Collected material
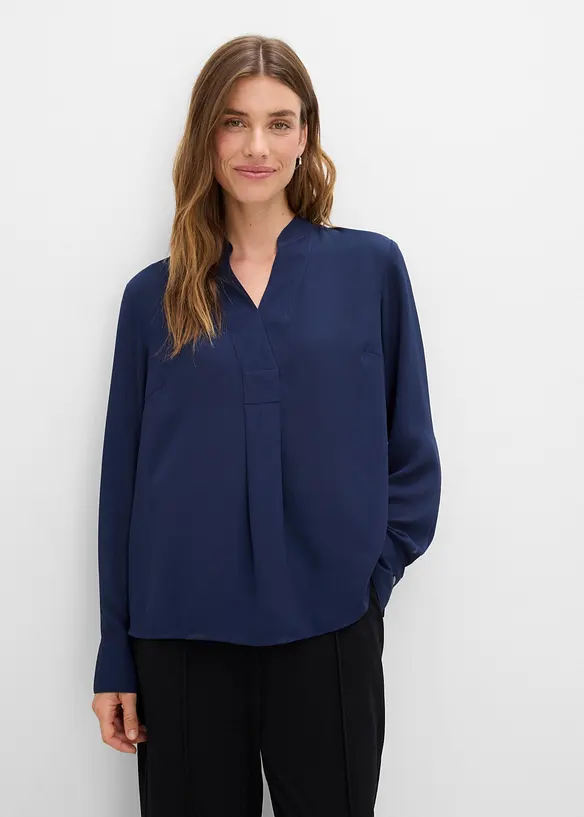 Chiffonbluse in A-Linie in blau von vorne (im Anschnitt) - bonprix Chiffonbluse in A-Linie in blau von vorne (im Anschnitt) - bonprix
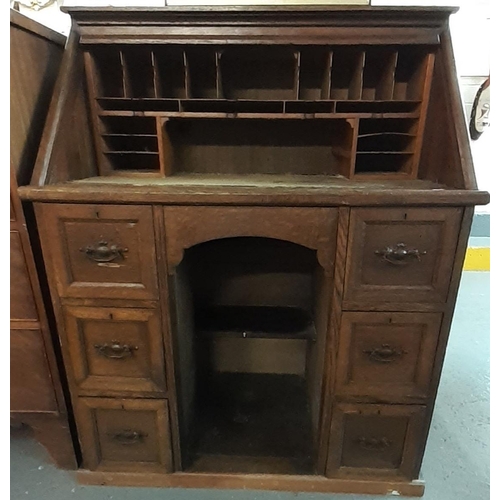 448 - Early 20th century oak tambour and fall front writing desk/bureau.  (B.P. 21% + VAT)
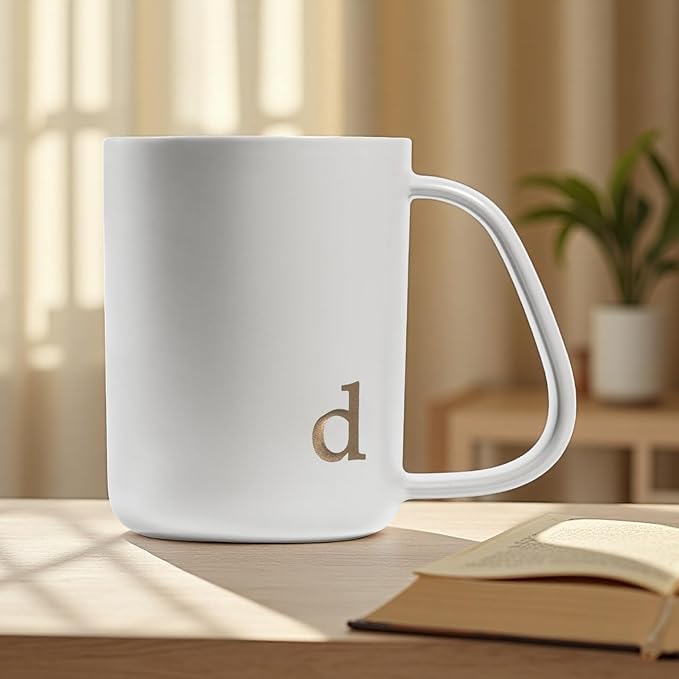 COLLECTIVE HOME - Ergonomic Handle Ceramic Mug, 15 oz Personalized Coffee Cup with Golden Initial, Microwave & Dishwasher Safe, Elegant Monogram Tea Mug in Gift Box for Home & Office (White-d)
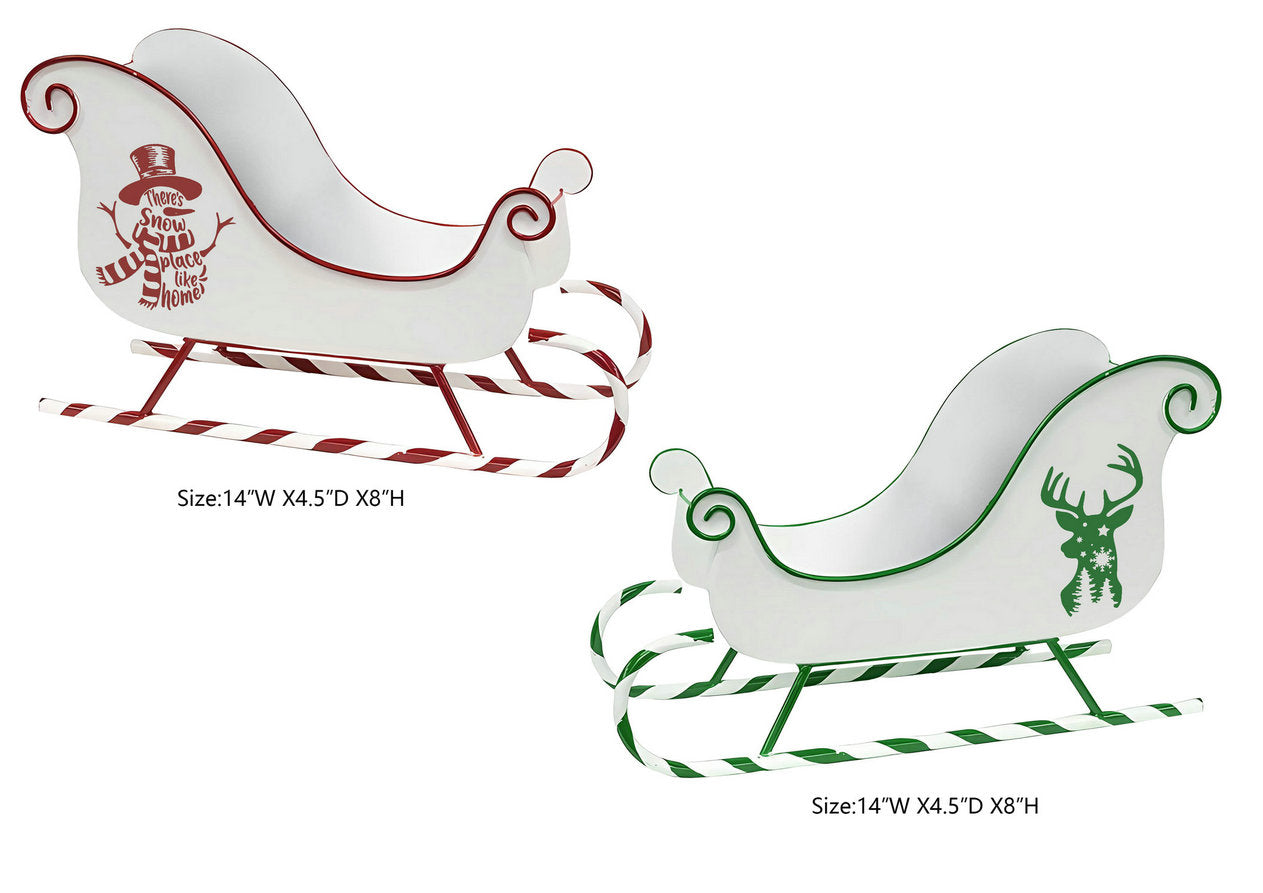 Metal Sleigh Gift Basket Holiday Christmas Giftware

How to complete this task
Could you write out exactly the lines from the line containing "COLLECTIVE HOME - Ergonomic" to the end of the material, and nothing else? No pictures belong in the copy.

Your solution
 COLLECTIVE HOME - Ergonomic Handle Ceramic Mug, 15 oz Personalized Coffee Cup with Golden Initial, Microwave & Dishwasher Safe, Elegant Monogram Tea Mug in Gift Box for Home & Office (White-d)
 Metal Sleigh Gift Basket Holiday Christmas Giftware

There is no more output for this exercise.